(Stored data entries)
::::::

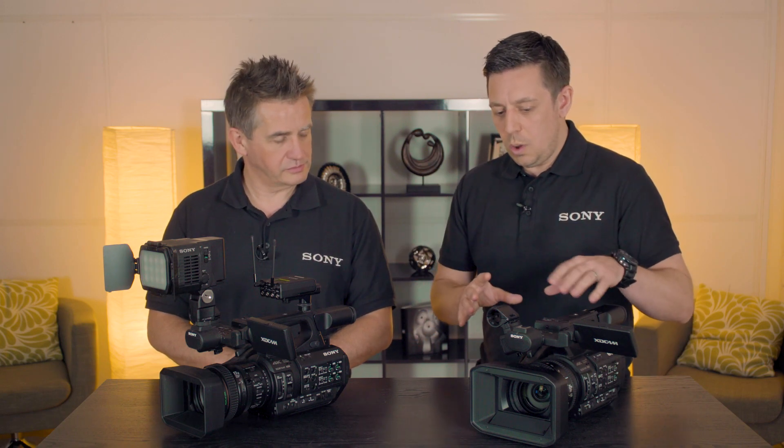First thing to mention is that we now have four channels of audio on both of these cameras. We've got two XLR inputs and also an MI shoe, but the new thing on here is we've actually added two MI shoes.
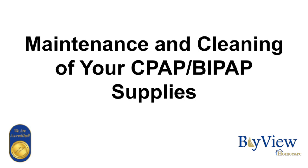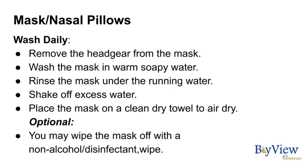This video will provide you with information on the maintenance and cleaning of your CPAP and BiPAP supplies. The mask and nasal pillows should be washed daily.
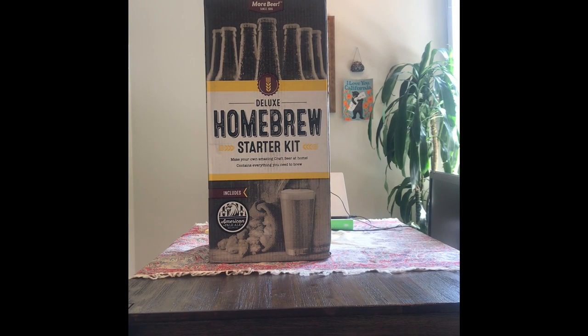Hey guys, welcome back to the channel. For today's video we're going to be doing an unboxing of the MoreBeer Deluxe Homebrew Starter Kit. I just got this in the mail yesterday, so really excited to open it up and see what's inside.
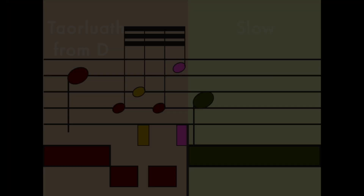The next tar lua is the one from D. Same rules as the grip from D — it's going to have a B grace note rather than a D grace note. As with the other tar lua, make sure that E grace note is landing on the chirp of that metronome. We're taking a lot of time away from the D before to get all the bits of business of that tar lua in before the beat, and then the A we're landing on lasts its full beat. That one's tricky, but cool.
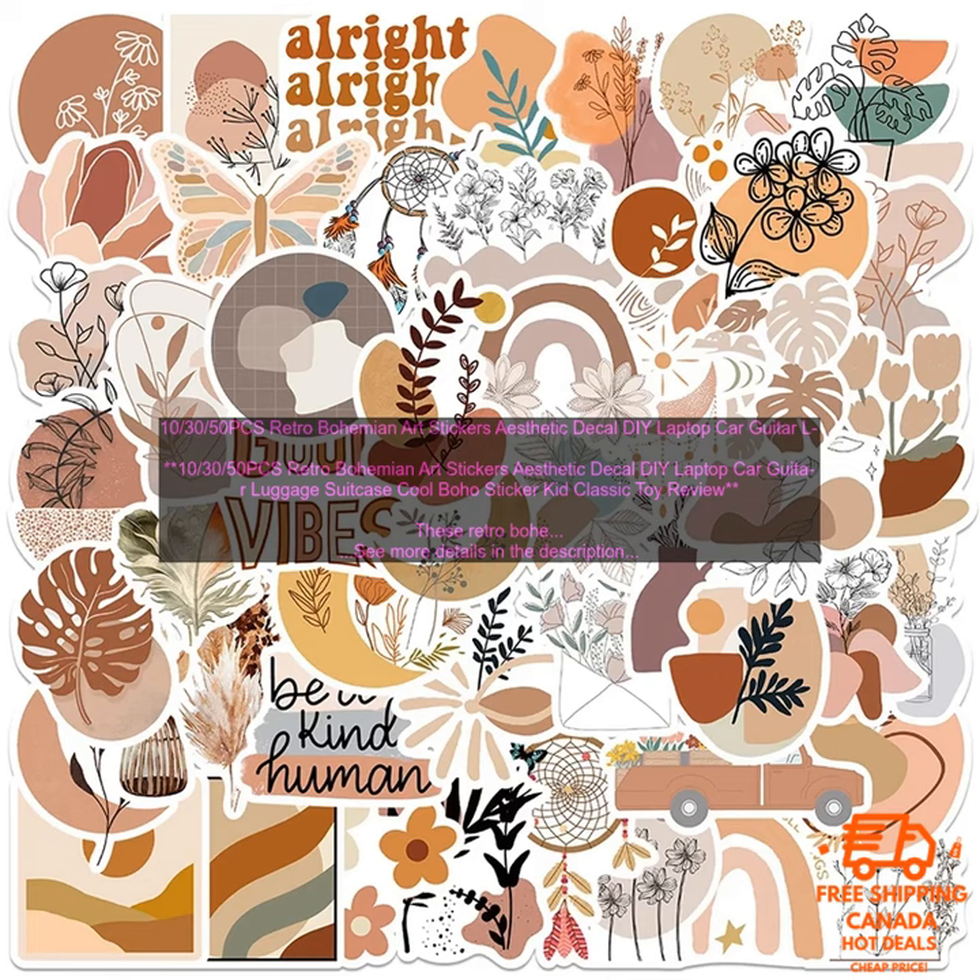Here are some of the drawbacks of using these stickers. They may not be suitable for some surfaces, such as delicate fabrics. They may not be suitable for children who may put them in their mouths. They may not be suitable for people who are allergic to adhesives.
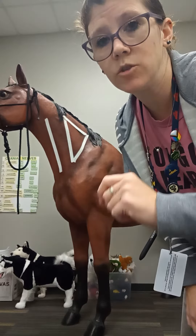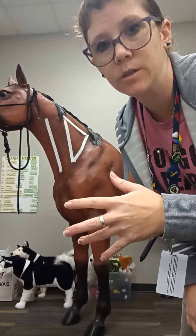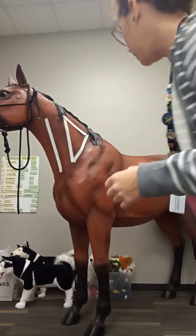This video is going to cover horse injections — intramuscular injections in the horse, in this triangle neck area.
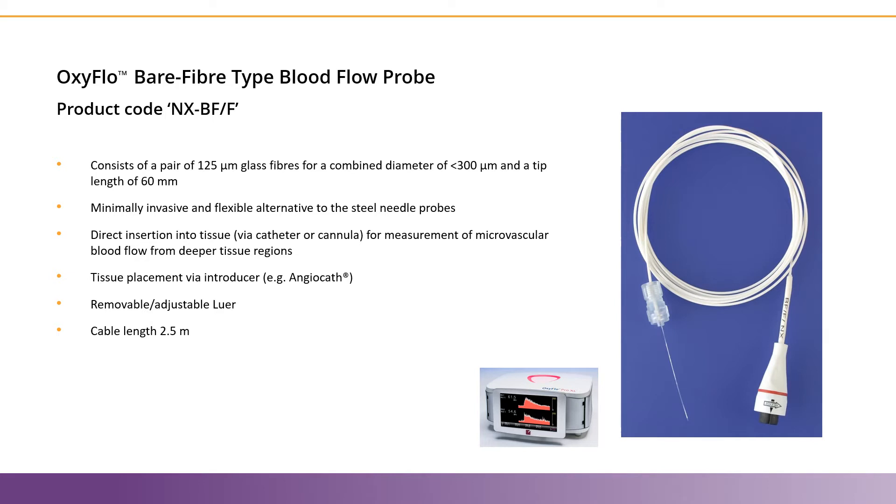This probe consists of two glass fibers that combine to a diameter of less than 300 microns. This probe is placed with an introducer, like an angiocath, and it can be placed in virtually any tissue.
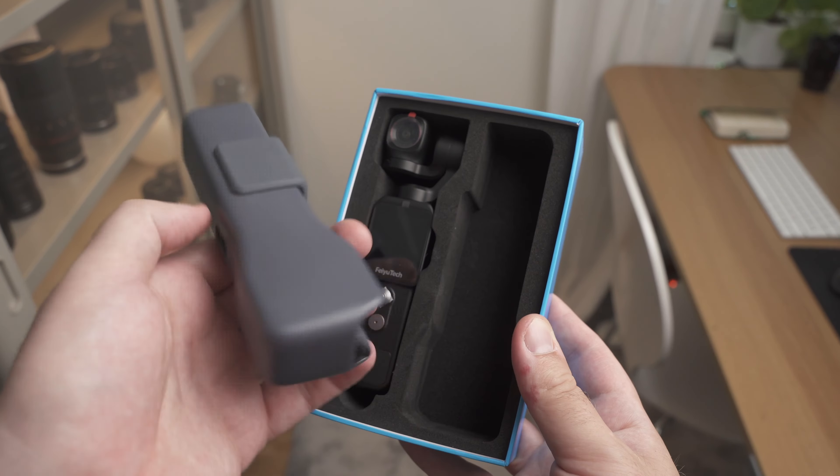Let's look at some footage. This is 4K footage from the FeiyuTech Pocket 2. In this video I'll display a lot of footage from this camera and do some comparisons with the DJI Pocket 2 so you can see the differences in footage and microphone sound. FeiyuTech is a company known for making great camera gimbals, and you really notice that in this camera — the gimbal is very very good and smooth. I'm walking with both cameras at the same distance and positioning.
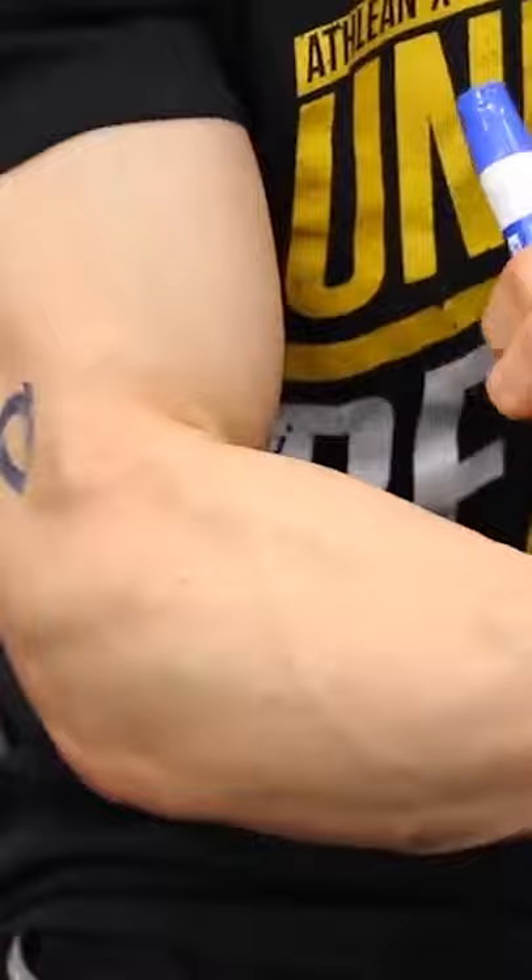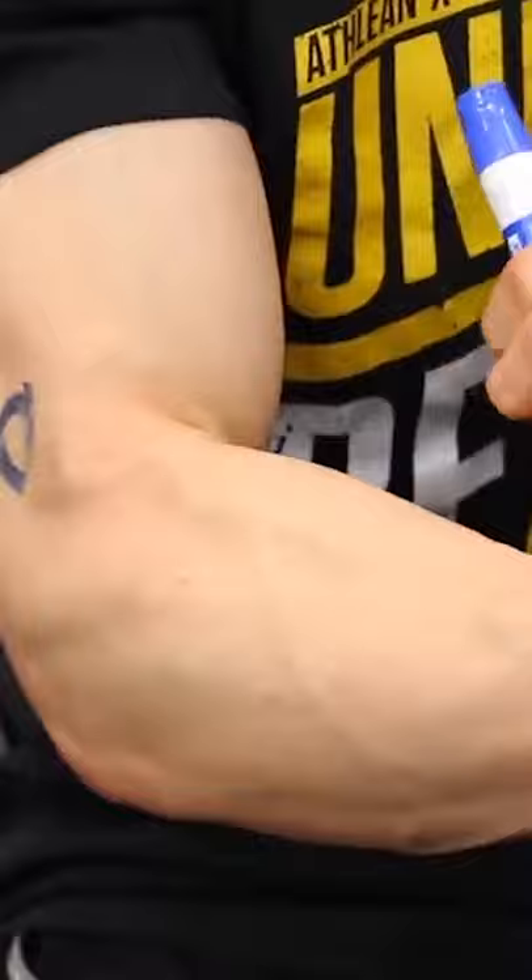It goes up and it crosses the elbow and it inserts up here on your humerus. And then it comes all the way down and it kind of dies off right where it looks like it does in that mid-belly.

::::::

Exercise details |
Lines from the one above containing "Here are some" down to the one containing "This probe consists" should be transcribed exactly, with both ends kept and no pictures.

Written solution |
Here are some of the drawbacks of using these stickers. They may not be suitable for some surfaces, such as delicate fabrics. They may not be suitable for children who may put them in their mouths. They may not be suitable for people who are allergic to adhesives.
This video is going to cover horse injections — intramuscular injections in the horse, in this triangle neck area.
This probe consists of two glass fibers that combine to a diameter of less than 300 microns. This probe is placed with an introducer, like an angiocath, and it can be placed in virtually any tissue.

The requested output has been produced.